AFAIK the main customers will be AMD (GPUs, APUs) and nVIDIA (at least GPUs). We know nvidia isn't jumping on until HBM2 (Pascal), and it can be assumed by the approximate dates on roadmaps APUs will also use HBM2. We know Arctic Islands will use HBM2.
There may be others, but afaict HBM1 is more-or-less a trial product...a risk version of the technology...developed by not only Hynix, but also AMD for a very specific purpose; AMD needed bandwidth while keeping their die size and power consumption in check for a 28nm gpu product. The realistic advantages over GDDR5 with a gpu on a smaller core process that can accommodate it (say 8ghz gddr5 on 14nm) aren't gigantic for HBM1, but it truly blooms with HBM2. The fact is they needed that high level of efficient bandwidth now to be competitive given their core technology....hence it seems HBM1 is essentially stacking 2Gb DDR3 while the mass commercial product will be stacking more-relevant (and cheaper by that time) up to 4-8Gb DDR4.

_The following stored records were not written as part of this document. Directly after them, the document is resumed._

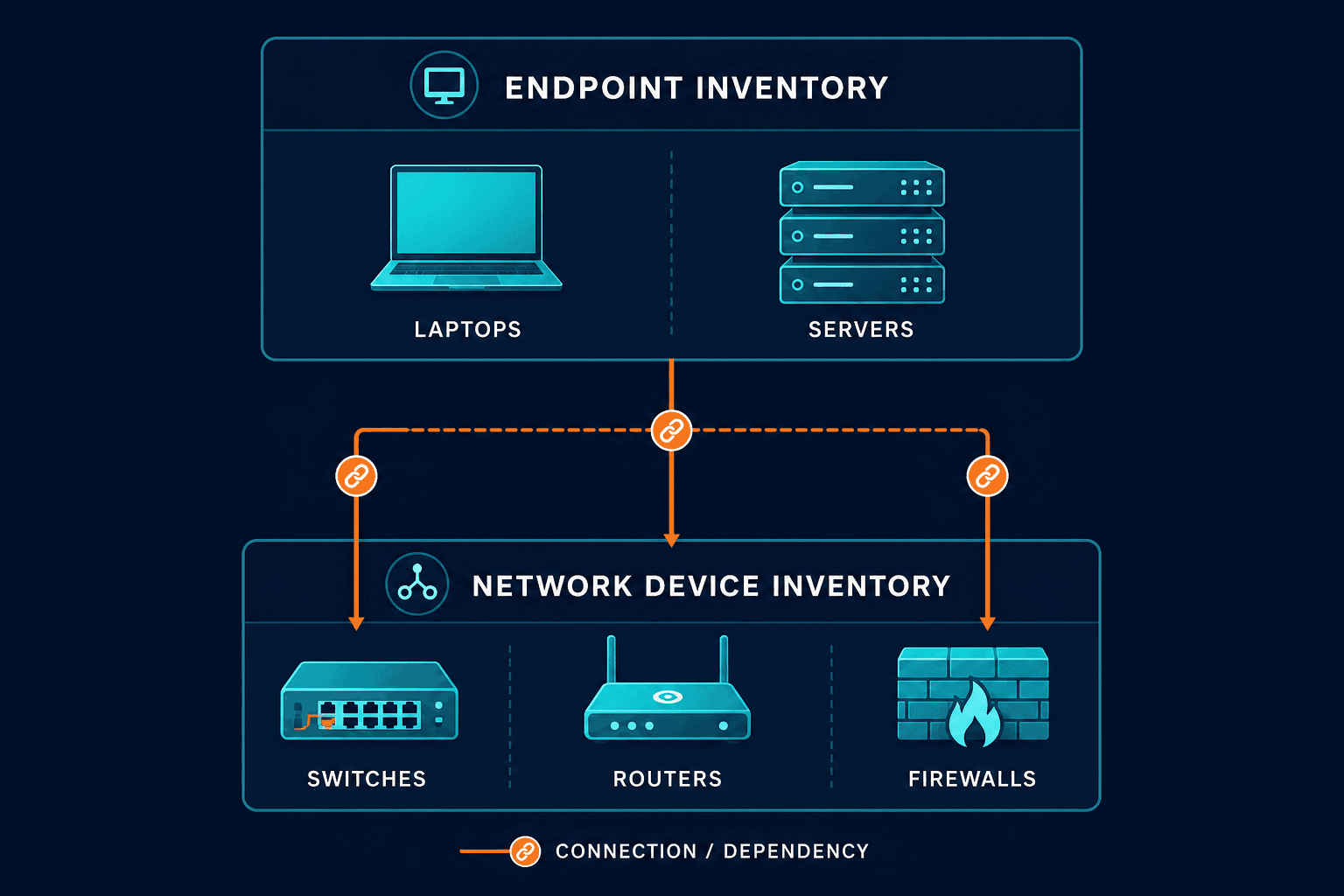 Conceptual Diagram Contrasting An Endpoi Conceptual Diagram Contrasting An Endpoi — Network Inventory Management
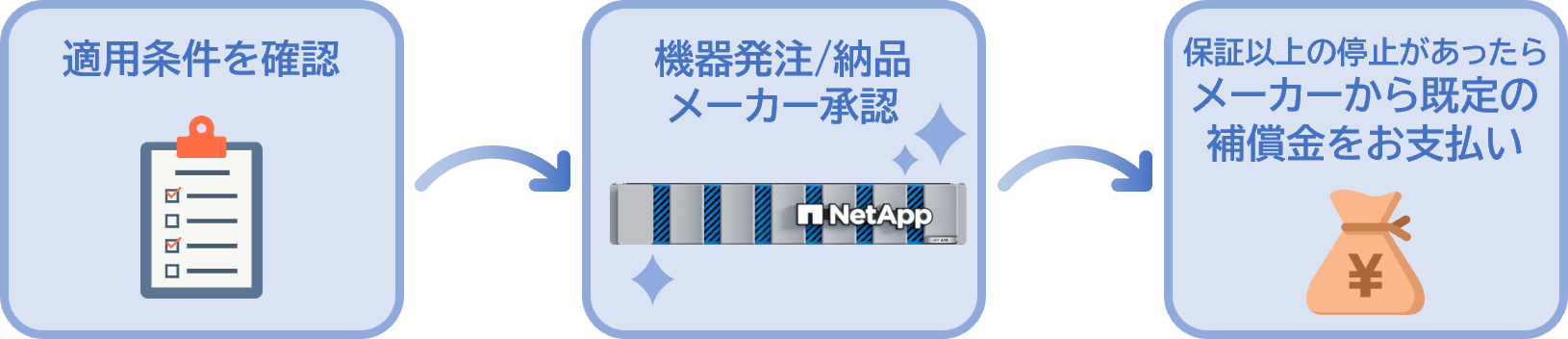 ASAシリーズのデータ可用性を保証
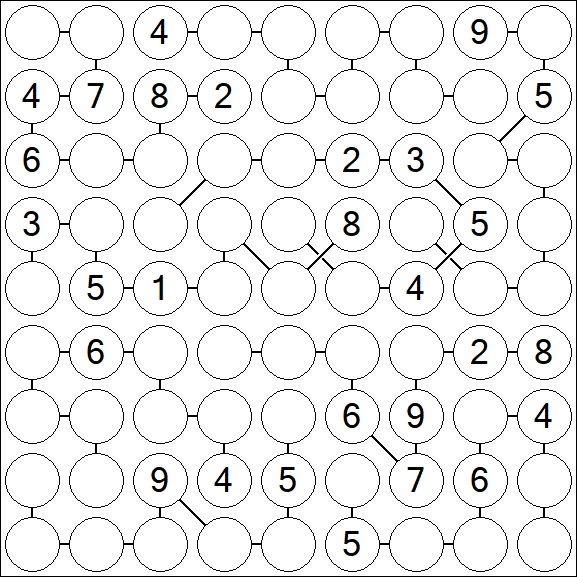 Chain Sudoku - Difícil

I personally dont think that AMD and Hynix co-operating on this tech precludes its use in other markets for Hynix ,,with imaging sensors ,Fpgas and some other less known about networking and instrumentation chips being candidates for its use(while not hindering Amd's use of it).
Is Nvidia going to use this on Pascal?? or could that be some other variant like Micron/intel's ,point is with 3D/HBM/3DS were going to be seeing the same high bandwidth memory standards(JEDEC) used on various different propositions over the next few years so I dont think any CO-op tie ins are going to last that long if they do at all and exclusivity wont last but a year at best.
The article got it wrong, as there is no such thing as 14nm flash memory.
www.google.co.uk/search?q=14+nm+flash+memory.&sa=X&biw=921&bih=525&tbm=isch&tbo=u&source=univ&ei=Yk05Vev6DtDUaveTgYgC&ved=0CEsQsAQ
It's my understanding nvidia will use HBM2 in Pascal. Their latest roadmap essentially gave their plan away: biggest chip will use 12GB/768Gbps ram iirc. That means 3xHBM2 4GB.
I think an interesting way for nvidia to prove a point about HBM1 is to simply do the following:
GM204 shrunk to ~1/2 it's size on 14/16nm (so essentially 200-some mm2), with 4/8GB (4-8Gb) 8ghz GDDR5 running at something like 1850/8000
vs
FijiXT
Hypothetically...who wins?
As to the issue of 4Gb not being enough or needing 8Gb... Isn’t more, the amount of memory is almost meaningless if you don't have the processing power to support it? I thought I read 8Gb of HBM will offer up to 1 Terabyte of bandwidth, so given that wouldn't it be a waste for AMD to add extra memory if the GPU designs on 28nm physically prevents a die size that could exploit all that. Would Fiji with 4096 SP's, not have the oomph and watch 50% of such 1Tb bandwidth go unused?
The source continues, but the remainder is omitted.